De acordo com o relatório da Fundação João Pinheiro (FJP), o déficit habitacional capixaba saltou de 83,2 mil domicílios em 2019, para 92,2 mil em 2024 – o equivalente a 6,3% das moradias do Estado. Em todo o Brasil, o déficit atinge mais de 6,2 milhões de domicílios.
Entre janeiro de 2022 e junho de 2024, a Defensoria Pública do Espírito Santo (DPES) registrou 59 casos de remoções coletivas e ameaças de despejo em todo o Estado, 47 em áreas urbanas e 12 em áreas rurais, atingindo cerca de 9.419 famílias, ou mais de 37 mil pessoas. Segundo o órgão, a maior parte das ocupações ameaçadas surgiu antes da pandemia, o que reforça a necessidade urgente de políticas habitacionais efetivas e permanentes.
No caso específico de Vila Velha, os números evidenciam a pressão urbana crescente sobre áreas periféricas e ambientalmente sensíveis. Em janeiro de 2025, ambientalistas expressaram preocupações quanto à implantação do bairro planejado Costa Nova, localizado na zona de amortecimento do Parque Natural Municipal de Jacarenema, em uma área de 615 mil m² entre Araçás e Jockey, de frente para a Rodovia do Sol e a praia.
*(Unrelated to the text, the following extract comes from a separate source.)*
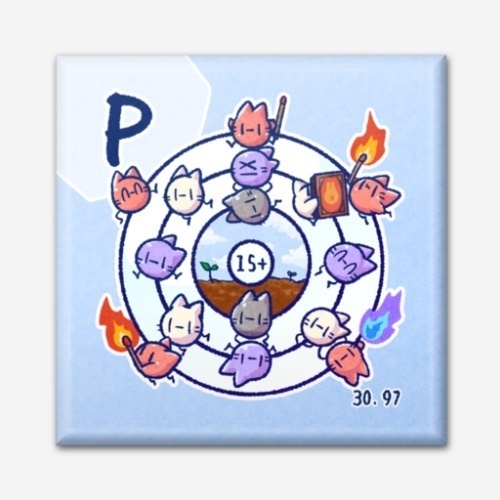 四角い元素のマグネット(11.ナトリウム~20.カルシウム)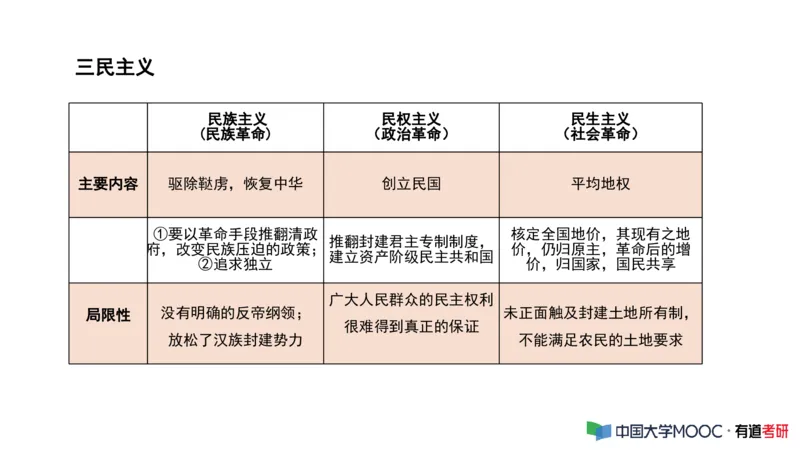 史纲毛中特补弱小灶课_2026考公资料_（49）政治理论合集_政治理论合集_2025考研政治_04.米鹏_03.精讲_08.补弱小灶课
A liberação do projeto pela Prefeitura de Vila Velha foi condicionada ao financiamento de obras de compensação ambiental, incluindo a construção da nova Ponte da Madalena e de uma ciclovia no parque. No entanto, movimentos sociais e especialistas denunciaram impactos ecológicos negativos, como a degradação da restinga em uma zona de proteção permanente.